Look on my works, ye Mighty, and despair!"
Nothing beside remains. Round the decay
Of that colossal wreck, boundless and bare,
The lone and level sands stretch far away.
The rich irony in the denouement of the film occurs when Hundert himself comes clean with another former student in Sedgewick's class, Martin Blyth, whom Mr. Hundert had cheated out of a shot at the Mr. Julius Caesar contest by grading too generously a competitor's (Sedgewick's) qualifying essay. It is Martin, in the last scene, who actually has grown the most, and so appreciates Mr. Hundert's contribution to his own success that he sends his son, the third generation, to St. Benedict's to experience himself the richness of Mr. Hundert's presence.
Who you are, less than what you teach, is what finally counts most, in teaching as in all walks of life. This is the lesson of the great teachers like Mr. Keating and Mr. Hundert, the lesson they model and teach.

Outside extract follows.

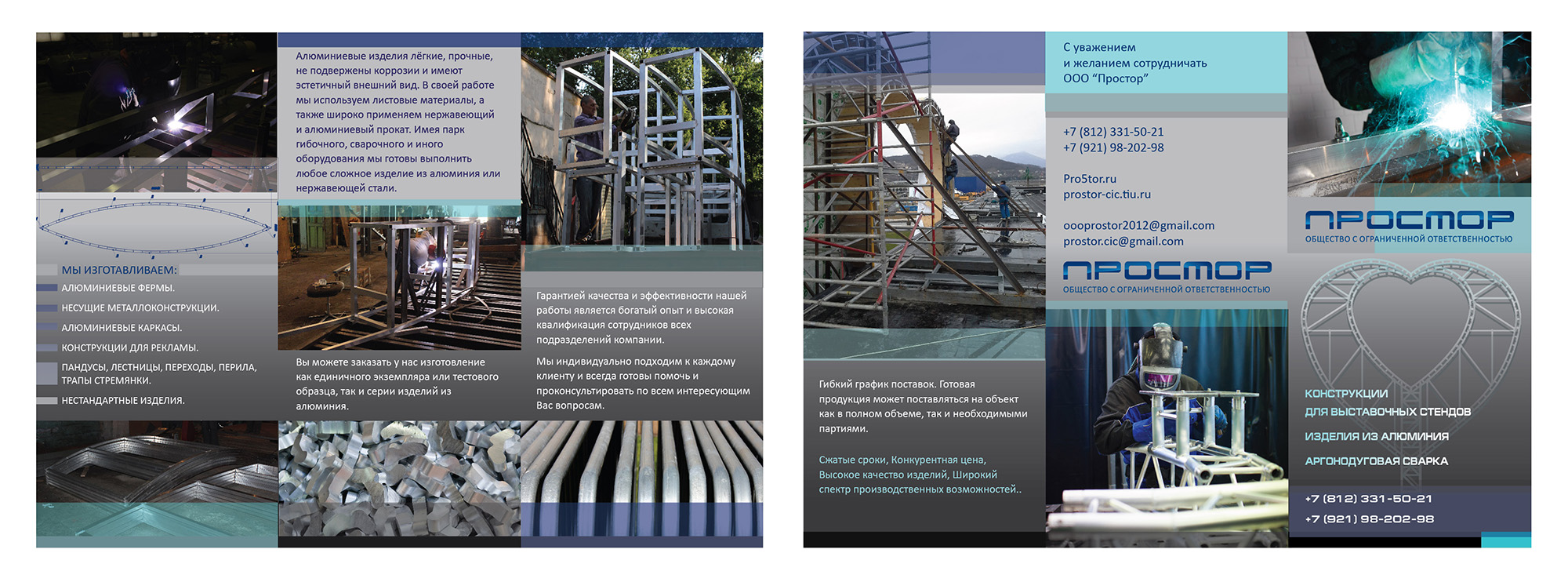 Рекламный евробуклет для компании "Простор"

In the independent school world, we eschew the current bromide of hiring only "highly qualified teachers" (meaning certified in education courses). An axiom we offer at the NAIS Institute for New Heads is, "Hire happy people." The axiom is shorthand for: "Of course you'll hire people who are knowledgeable and smart; of course you'll hire people with high (emotional intelligence) that match their high IQs (academic intelligence); of course, you'll hire people who love kids. Given all that, remember to hire happy people." We mean those like Mr. Keating and Mr. Hundert who themselves, however flawed at times, are essentially whole and engaging and optimistic people, since to do otherwise is to dull the promise that each child brings to the enterprise of school. Hire someone "who will make all the difference in the life of a child."